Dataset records
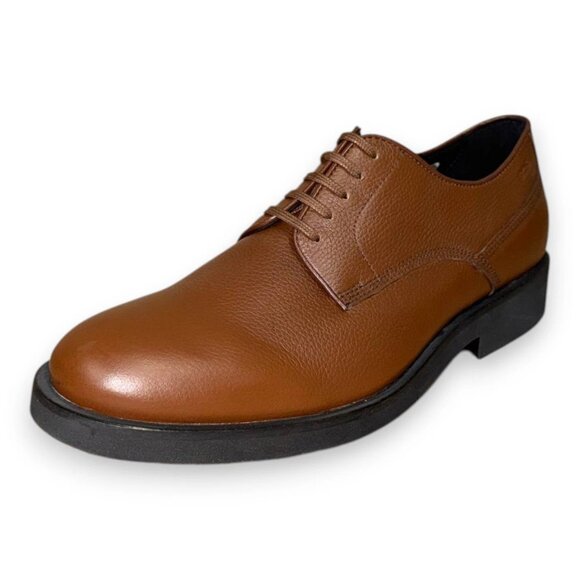 BOSS Baird Men's Brown Leather Derby Shoes US 9 (UK 8 EU 42) MSRP $199 - Picture 1 of 4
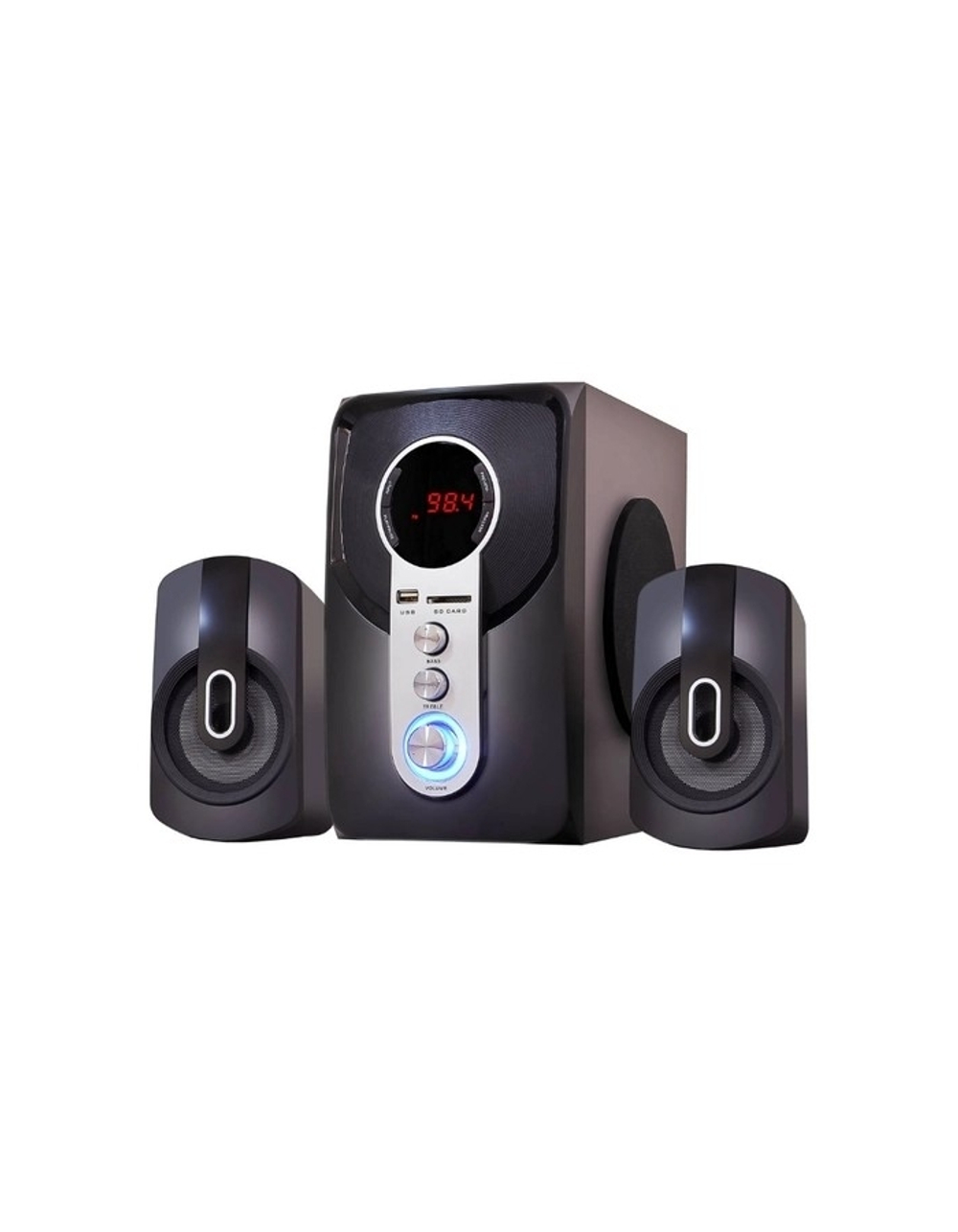 Ginzzu GM-405 2.1 с Bluetooth, выходная мощность 20Вт + 2х10Вт, аудиоплеер USB-flash, SD-card, FM-радио, пульт ДУ - 21 кнопка, стерео вход (2RCA), эквалайзер (обыч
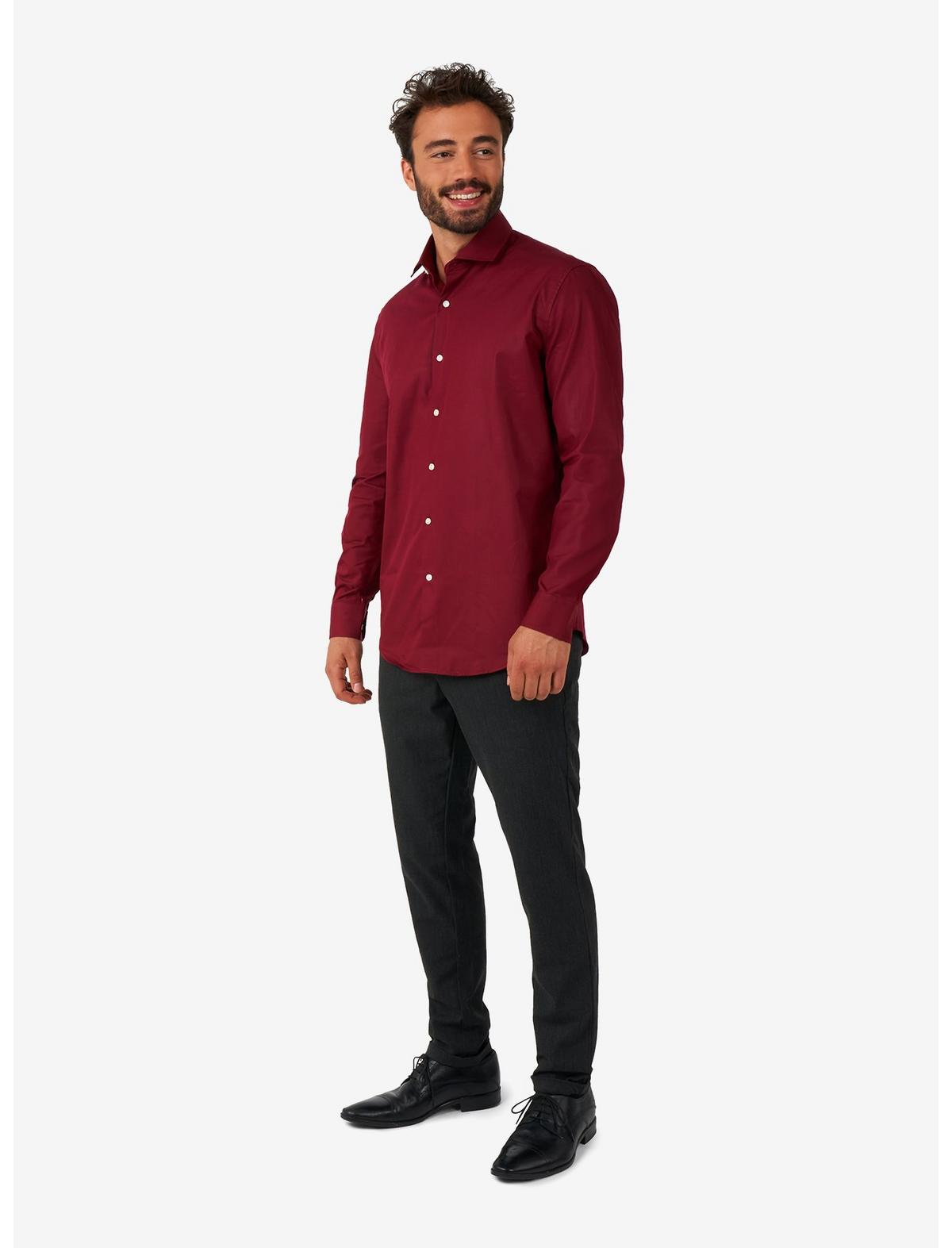 Blazing Burgundy Long Sleeve Button-Up Shirt - US 5811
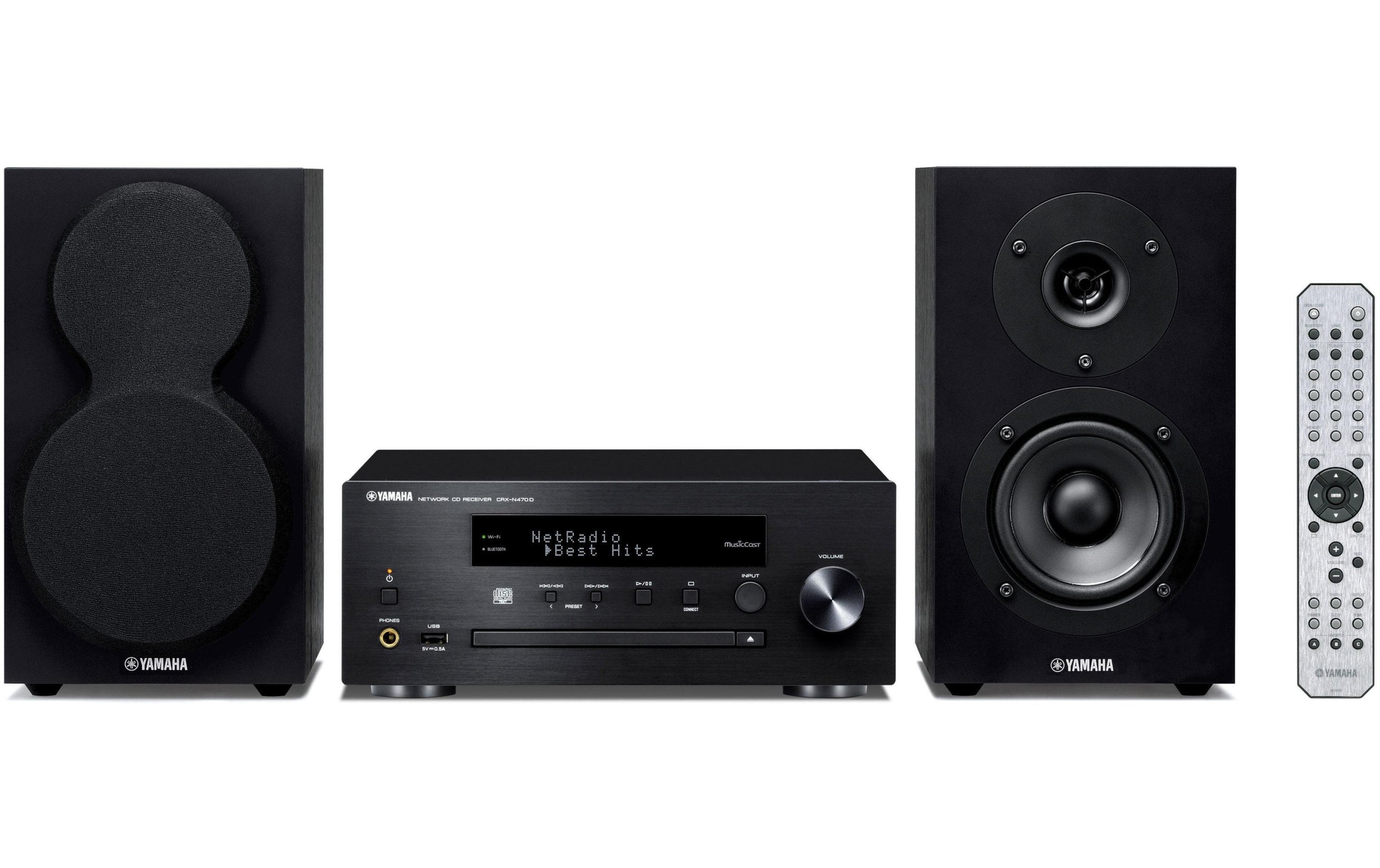 Yamaha Microanlage »MusicCast MCR-N470 DAB Schwarz«, (Bluetooth-WLAN Digitalradio (DAB+)-FM-Tuner)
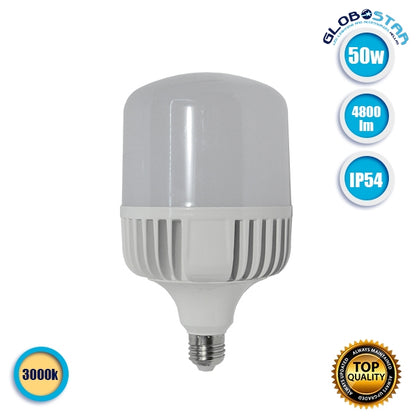 Λάμπα LED E27 High Bay 50W 230V 4800lm 260° Αδιάβροχη IP54 Θερμό Λευκό 3000k GloboStar 60065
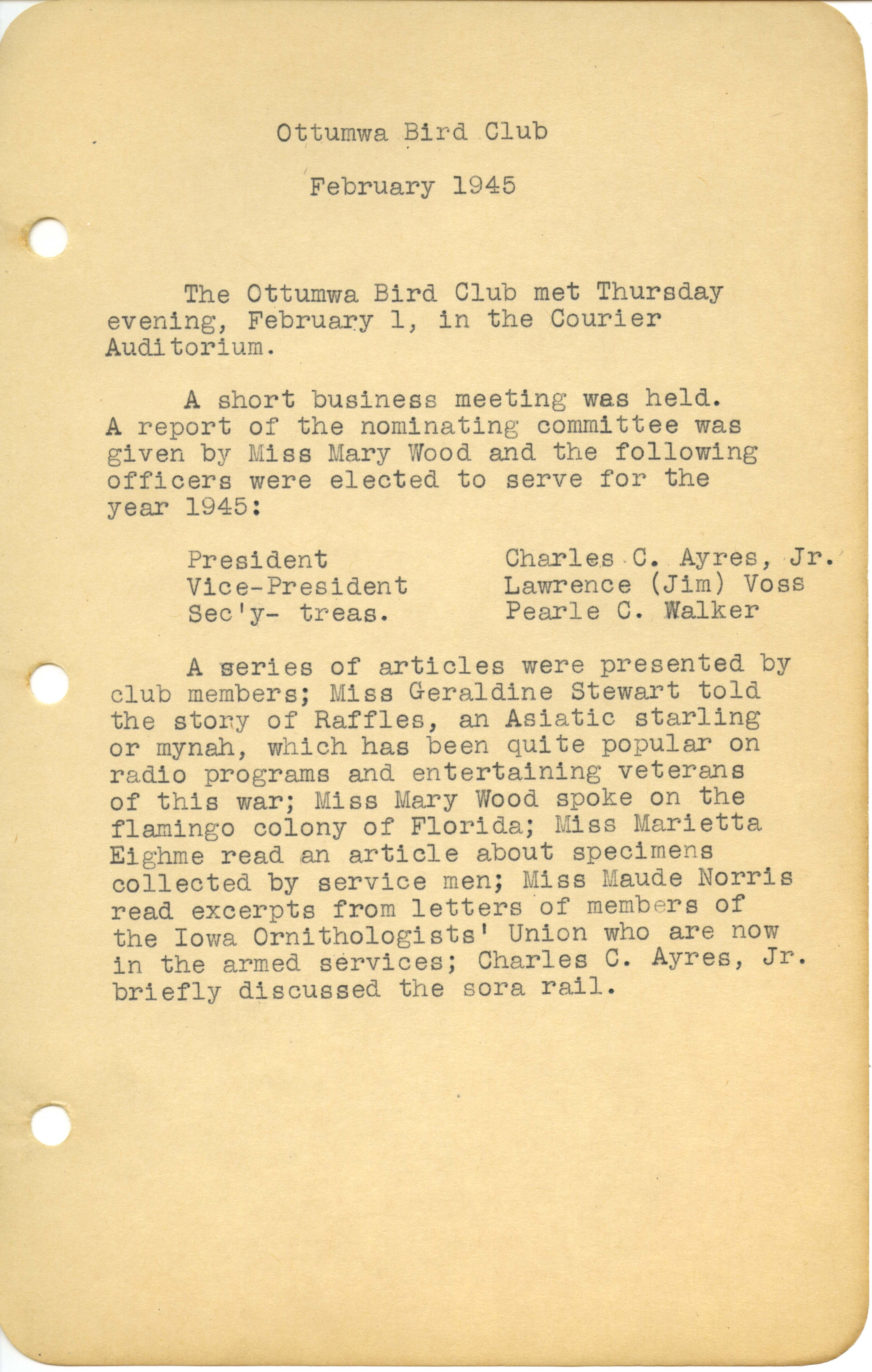  Ottumwa Bird Club meeting minutes, February 1, 1945 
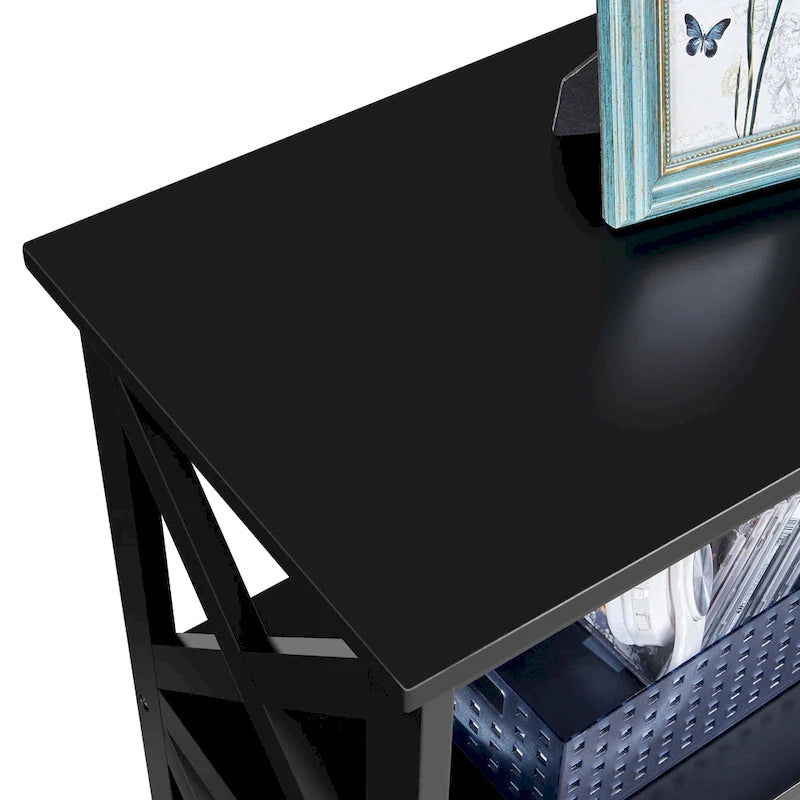 Yaheetech Table Console en Bois à 3 Niveaux avec Prise Électrique, Table d'Appoint de Canapé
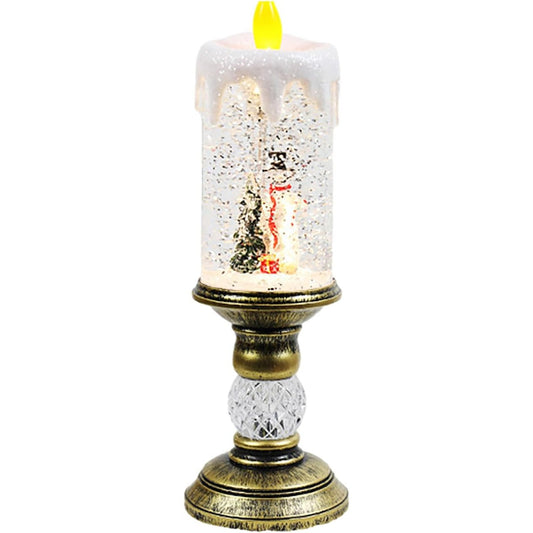 Decoratiune Luminoasa, Flippy, Lampa de Craciun, cu Lumina LED, Ornament Model Sfesnic cu Lumanare Om de Zapada, 26x8.5x8.5 cm, Auriu-0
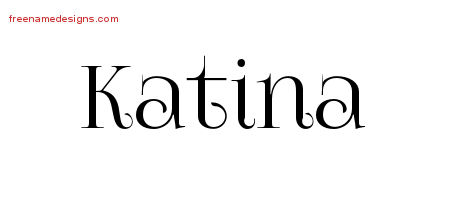 Vintage Name Tattoo Designs Katina Free Download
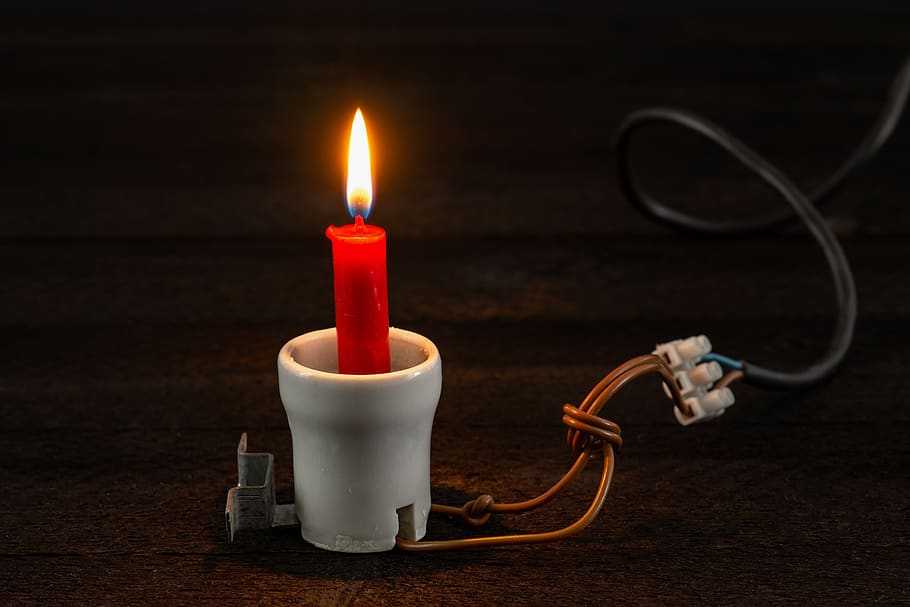 current, candle, light, porcelain, wire, wood, version, wax, light bulb, cable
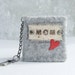Mini book -key chain for mom mothers day with red heart notebook journal felted wool rustic paper shabby chic paper gift for her neutral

Work required:
Begin at the top of the records above and retype each line exactly until the line containing "Ginzzu GM-405 2.1", which is included. Skip all pictures.

Answer to the problem:
 BOSS Baird Men's Brown Leather Derby Shoes US 9 (UK 8 EU 42) MSRP $199 - Picture 1 of 4
 Ginzzu GM-405 2.1 с Bluetooth, выходная мощность 20Вт + 2х10Вт, аудиоплеер USB-flash, SD-card, FM-радио, пульт ДУ - 21 кнопка, стерео вход (2RCA), эквалайзер (обыч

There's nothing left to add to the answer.